What is required: Within the records below, reproduce without change the lines from the line that has "Neue Steuerung für" through the line that has "Picture for 86 Copperpond Heights SE", and only those.

Data to process:
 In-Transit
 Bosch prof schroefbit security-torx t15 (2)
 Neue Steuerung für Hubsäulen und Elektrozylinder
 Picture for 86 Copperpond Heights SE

...

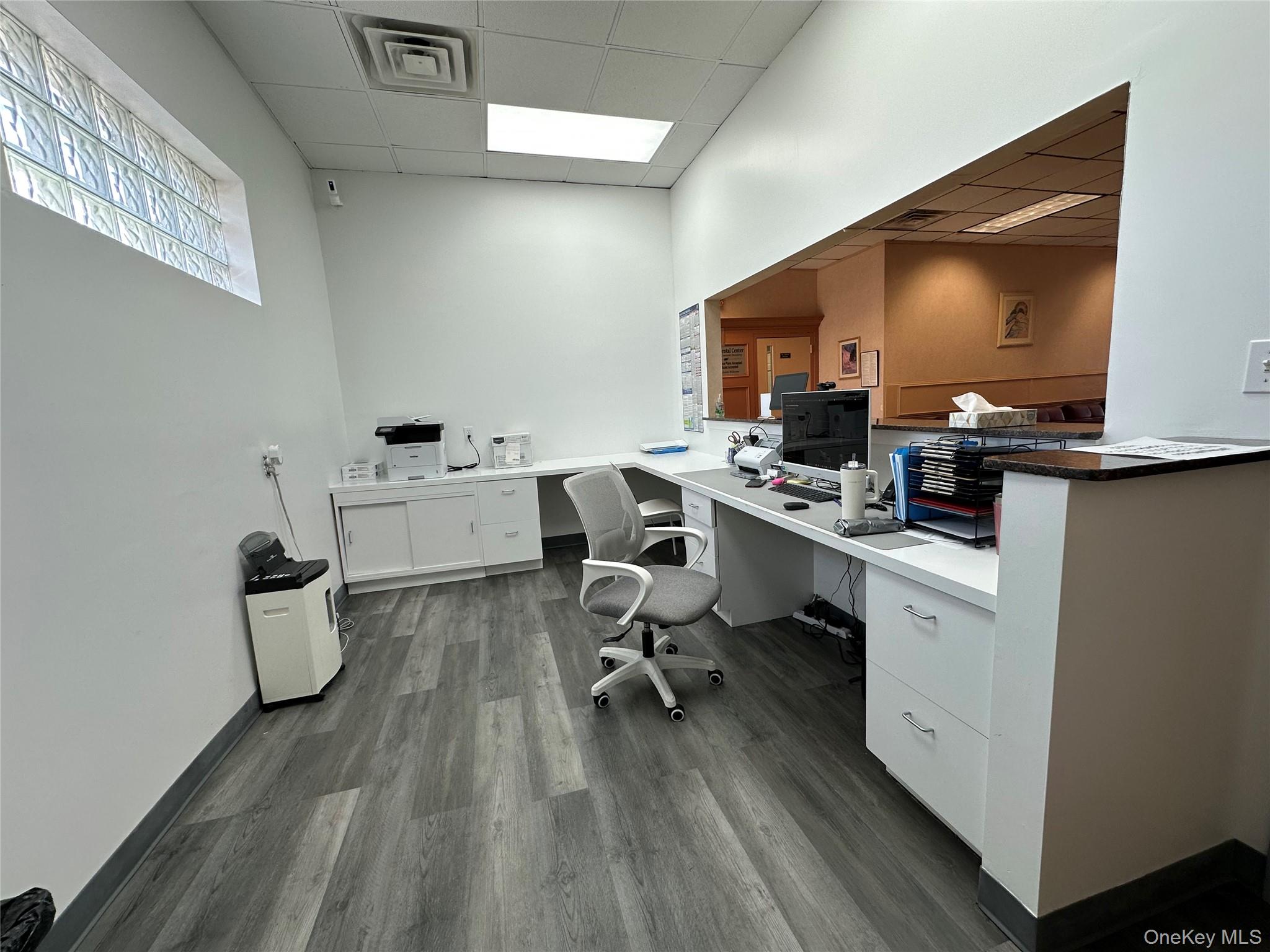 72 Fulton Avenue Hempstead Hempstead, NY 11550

Expected output:
 Neue Steuerung für Hubsäulen und Elektrozylinder
 Picture for 86 Copperpond Heights SE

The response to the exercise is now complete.